Mas mais do que os pormenores sobre o sucateamento do que o plano que, na verdade, nos tira o Futuro, uma fala do professor não me saiu – nem sairá da cabeça. “Somos mais do que essa lógica de ‘se dar bem'”. Fiquei pensando se somos, todos e todas, mesmo. E de pois de matutar, concordo com Paulo, somos sim. Quem acredita na universidade pública e em seu devido acesso universal jamais poderá ser enquadrado neste pensamento de resguarda somente a si e os seus. Há até quem viva nessa, de só olhar para o próprio umbigo, mas algo me diz que tais projetos de vida tendem senão ao fracasso. Porque, para bem ou para mal, não se vive só neste mundo. E quem anda de cabeça baixa, justamente na altura do umbigo está fadado, cedo ou tarde, a cair de cara por não ver as pedras e buracos no caminho.
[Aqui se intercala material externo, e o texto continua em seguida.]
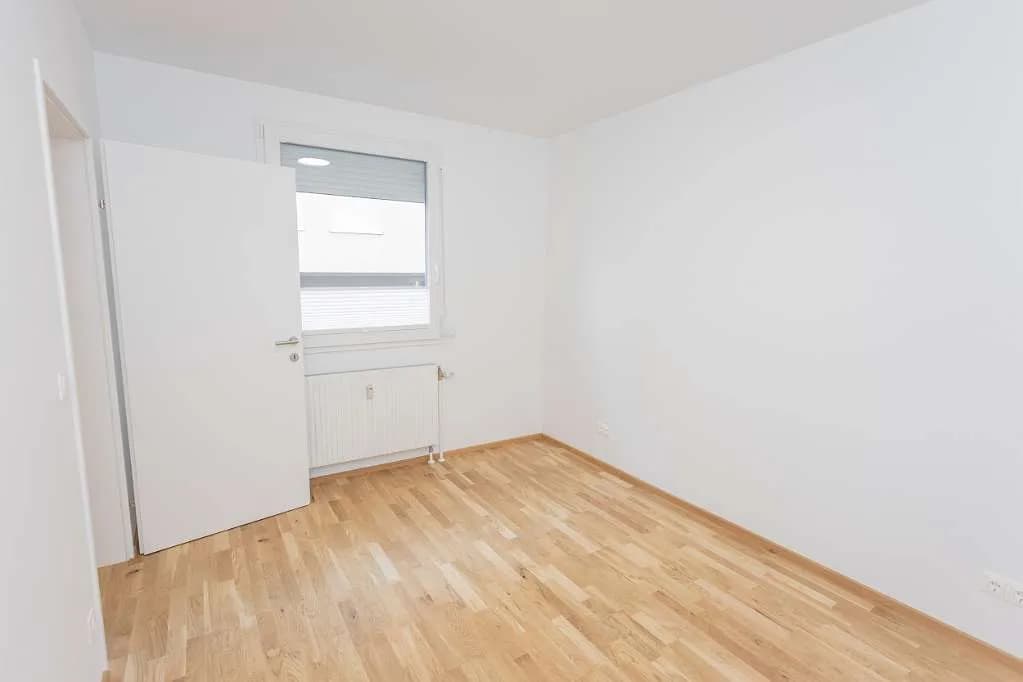 2-Zimmer-Wohnung kaufen in Wien – 38,93 m², € 249.000 – Bild 25 von 30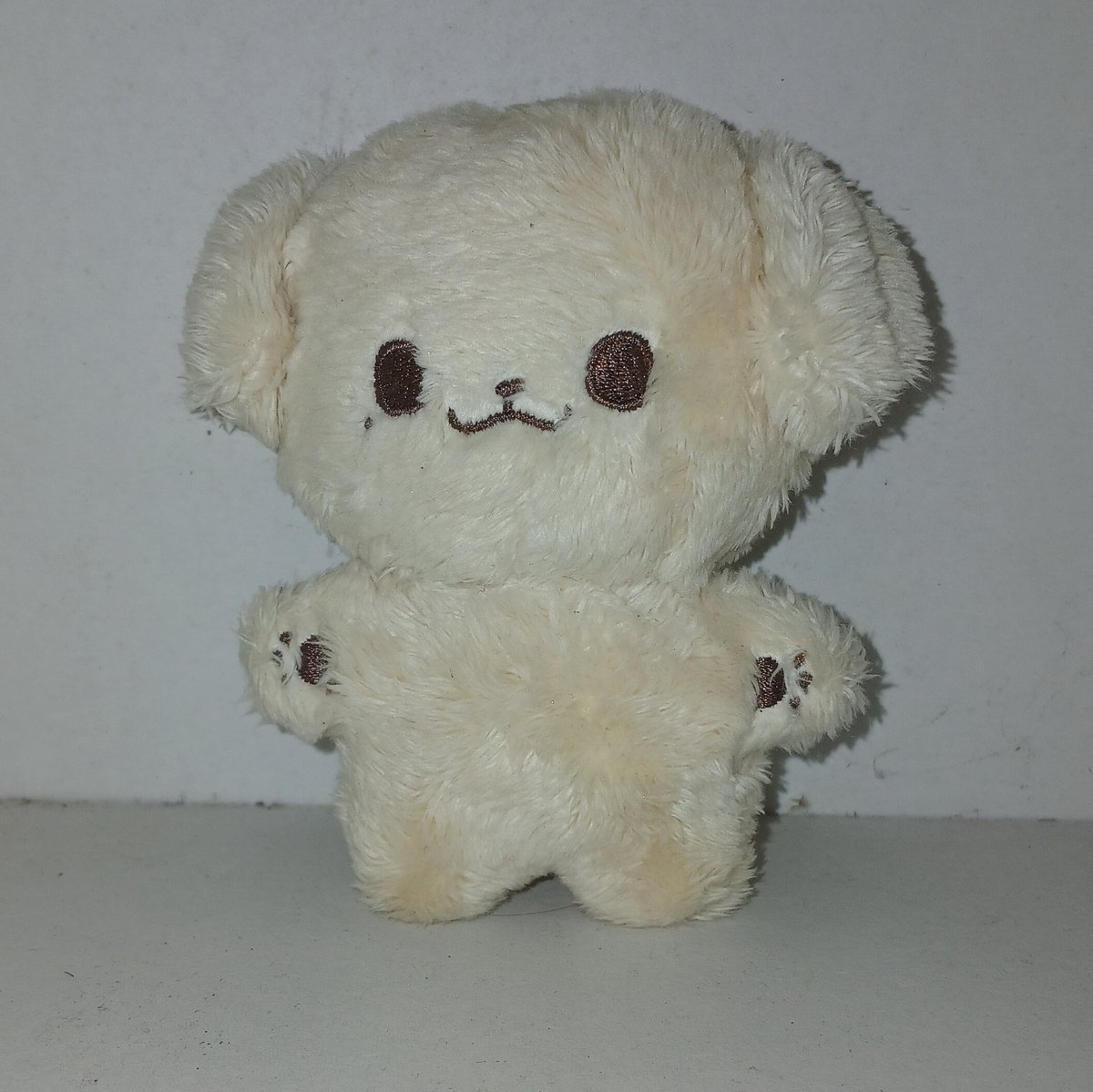 call me nin tweet media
Veja bem, não se trata de otimismo de minha parte. Há quem diga que, sob a égide do como “meio cheio” ou “meio vazio”, há que sempre se olhar o lado positivo mesmo das piores experiências. Meus pés estão bem fincados no chão, e meus olhos bem abertos. No caso do “Future-se”, querem é nos tirar o copo e que morramos de sede. Ao fim, o professor Paulo, sempre incapaz de deixar seus ouvintes desolados em relação ao amanhã, falou, em uma fortuita citação de Gramsci que o momento é de nos fortalecermos e cavarmos trincheiras diante da provável inevitabilidade de um Future-se (favor não confundir com “futuro” em tom esperançoso), uma proteção necessária a quem se pretende manter combatente. Mas veja bem novamente, essa é tampouco uma coluna de pessimismo. Deixei a sala não cabisbaixa ou em desalento, mas com terra até sob as unhas, cavando minhas trincheiras pouco a pouco, na certeza de que não estou, jamais, só.